In pstats.Stats (the profiler result) there is method print_callees (or alternatively print_callers).
Example code:
import cProfile, pstats
pr = cProfile.Profile()
pr.enable()
# ... do something ...
pr.disable()
ps = pstats.Stats(pr).strip_dirs().sort_stats('cumulative')
ps.print_callees()
Result will be something like:
Function called...
ncalls tottime cumtime
ElementTree.py:1517(_start_list) -> 24093 0.048 0.124 ElementTree.py:1399(start)
46429 0.015 0.041 ElementTree.py:1490(_fixtext)
70522 0.015 0.015 ElementTree.py:1497(_fixname)
ElementTree.py:1527(_data) -> 47827 0.017 0.026 ElementTree.py:1388(data)
47827 0.018 0.053 ElementTree.py:1490(_fixtext)
On the left you have the caller, on the right you have the callee.
(for example _fixtext was called from _data 47827 times and from _start_list 46429 times)
See also:
docs.python.org/..#print_callees - show call hierarchy. Group by the caller. (used above)
docs.python.org/..#print_callers - show call hierarchy. Group by the callee.
Couple of notes:
Your code needs to be edited for this (insert those profile statements).
(i.e. not possible to use from command line like python -m cProfile myscript.py. Though it is possible to write separate script for that)
A bit unrelated, but strip_dirs() must go before sort_stats() (otherwise sorting does not work)
I have not used cProfile myself, but most profilers give you a call hierarchy.
Googling I found this slides about cProfile. Maybe that helps. Page 6 looks like cProfile does provide a hierarchy.
Sorry I'm not familiar with Python, but there's a general method that works, assuming you can manually interrupt execution at a random time.
Just do so, and display the call stack. It will tell you, with high probability, what you want to know. If you want to be more certain, just do it several times.
It works because the guilty caller has to be on the call stack for the fraction of time that's being wasted, which exposes it to your interrupts for that much of the time, whether it is spread over many short calls or a few lengthy ones.

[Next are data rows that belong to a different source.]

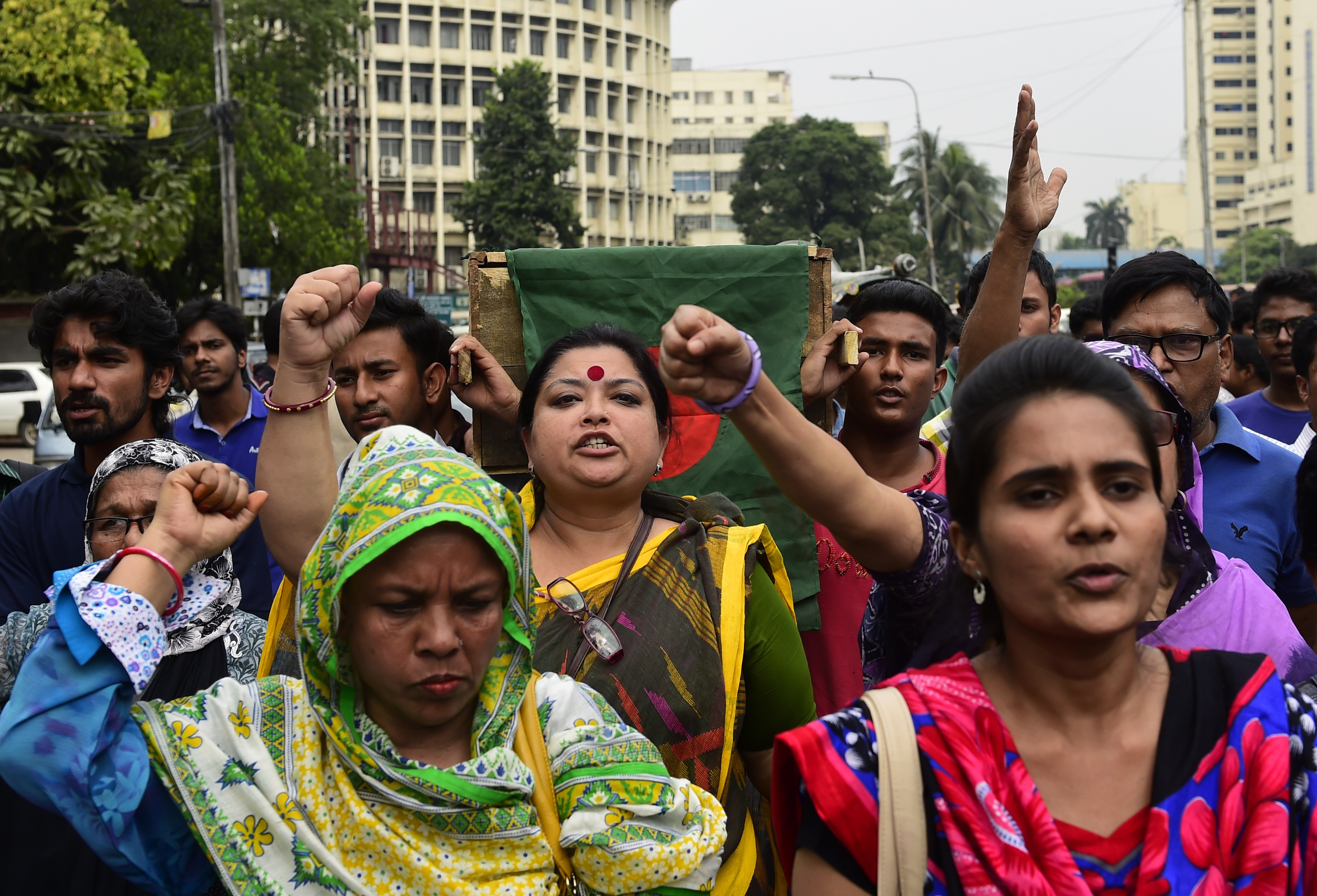Bangladeshi activists shout slogans as they march in the street with mock coffins, which symbolize the deaths of secular publishers and bloggers, in Dhaka on Nov. 5, 2015 (Munir Uz Zaman—AFP/Getty Images)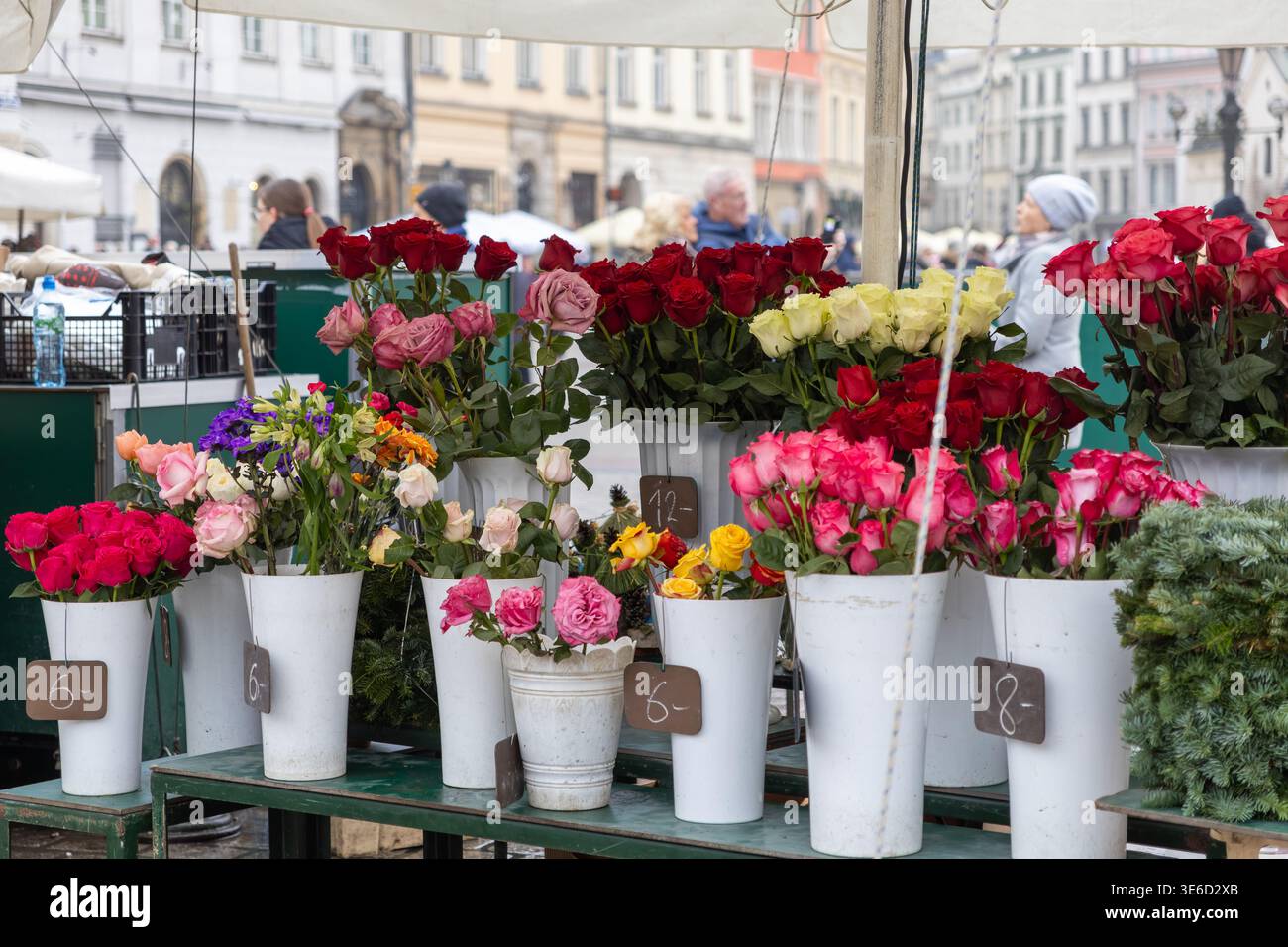 Farbenfrohe, frisch geschnittene Blumen, einschließlich verschiedener Rosen, werden in weißen Eimern mit Preisen ausgestellt, die eine traditionelle Marktszene im Freien und veranschaulichen Stockfoto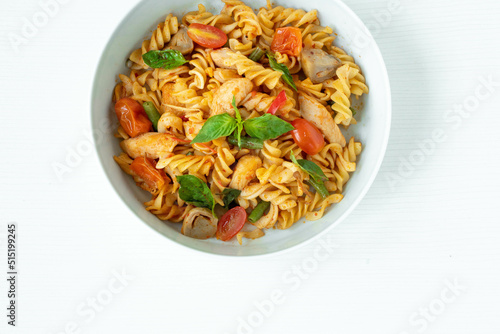 Close up Tasty Gourmet Spicy Pasta with Tomato and Herbs on a White Plate, Served on Top of a white wooden Table.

NOTE: This process is more like diagnosis than measurement. Suppose that bad call is wasting 90% of the time. Then each time you halt it, the probability is 90% that the bad call statement is right there on the call stack for you to see, and you will be able to see that it's bad. However, if you want to exactly measure the wastage, that's a different problem. For that, you will need a lot more samples, to see what % of them contain that call. Or alternatively, just fix the guilty call, clock the speedup, and that will tell you exactly what the wastage was.
Pycscope does this. I just found it today, so I can't speak to how good it is, but the few examples I've tried have been pretty good (though not perfect).
https://pypi.python.org/pypi/pycscope/
You would use this to generate a cscope file and then a cscope plugin from an editor, VIM specifically. I tried using it with vanilla cscope, it seems that plain cscope gets confused.